この切なさの後、暁海は女性だから自分の人生を若くして諦めなくてはならないのか…という諦念が漂う描写の中で、暁海、櫂の高校の教師である北原先生…実に飄々としたフラットな人生観を持つ人物で、発する言葉にその都度ハッとさせられる、作者の分身とも思える魅力的な人物…や、暁海の父の恋人瞳子といった人物が関わることで、停滞していた暁海の周りの空気が動き出し、遂には疾走感にすら変化して生まれるカタルシスが素晴らしい。
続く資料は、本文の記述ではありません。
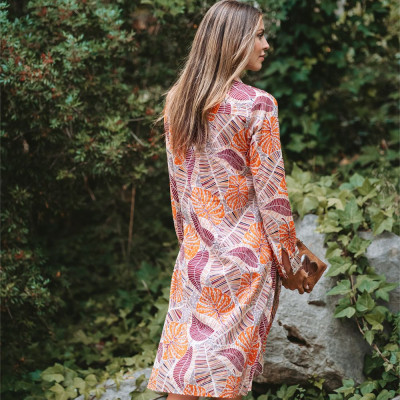 Đầm Sơ Mi Cotton Isla Bonita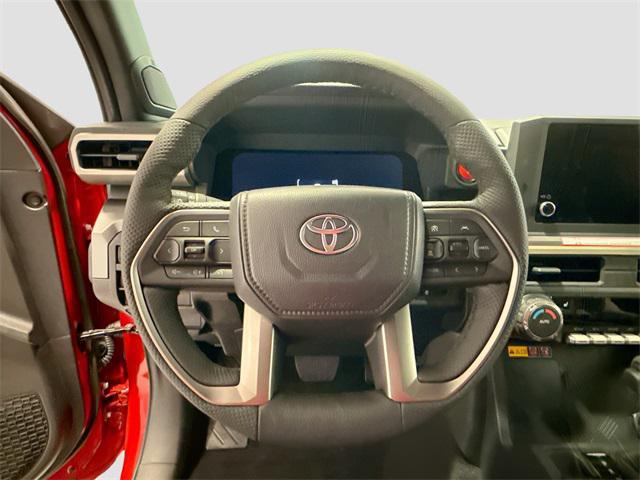 Photo of 2025 Supersonic Red Toyota Tacoma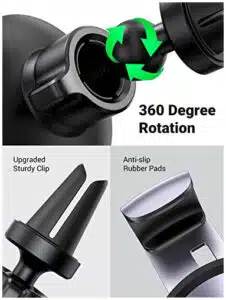 Ugreen 50564 soporte Soporte pasivo Teléfono móvil/smartphone Gris - Imagen 5
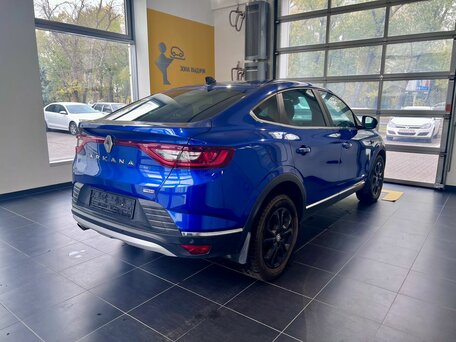 2021 Renault Arkana I, синий, 1500000 рублей, вид 4
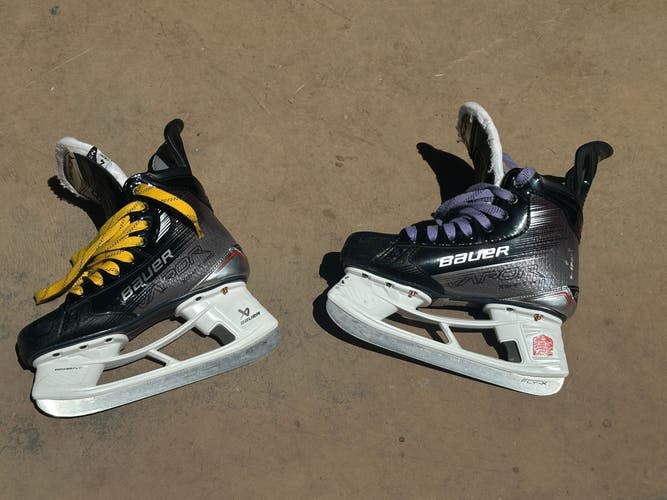 2025 Bauer Vapor X Shift Pro Hockey Skates Size 4 (New)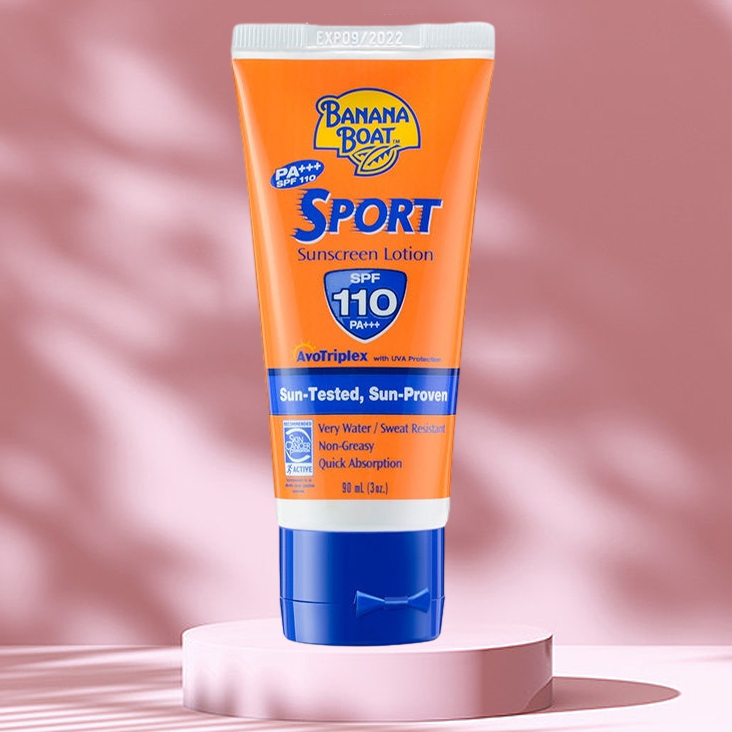 Kem Chống Nắng Banana Boat SPF 110 PA+++/Thể Thao Sport Ultra Protect ...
その後の櫂の描写を経て、エピローグに辿り着くと、プロローグと同じシーンが、全く違う意味を持つものであることを思い知らされる。唸るしかない構成力。強烈な、初めて覚える読書体験だ。傍目にどう見えるかは重要ではない。人生は自分で切り拓け。ただし大切な事は他人に告げなくて良い。そんな作者のメッセージを感じ、後を引く余韻が心地良い。本書はオーディオブックで聞いたが、良い作品はどう味わっても良いのだと実感。通勤時間などの有効活用にお勧め。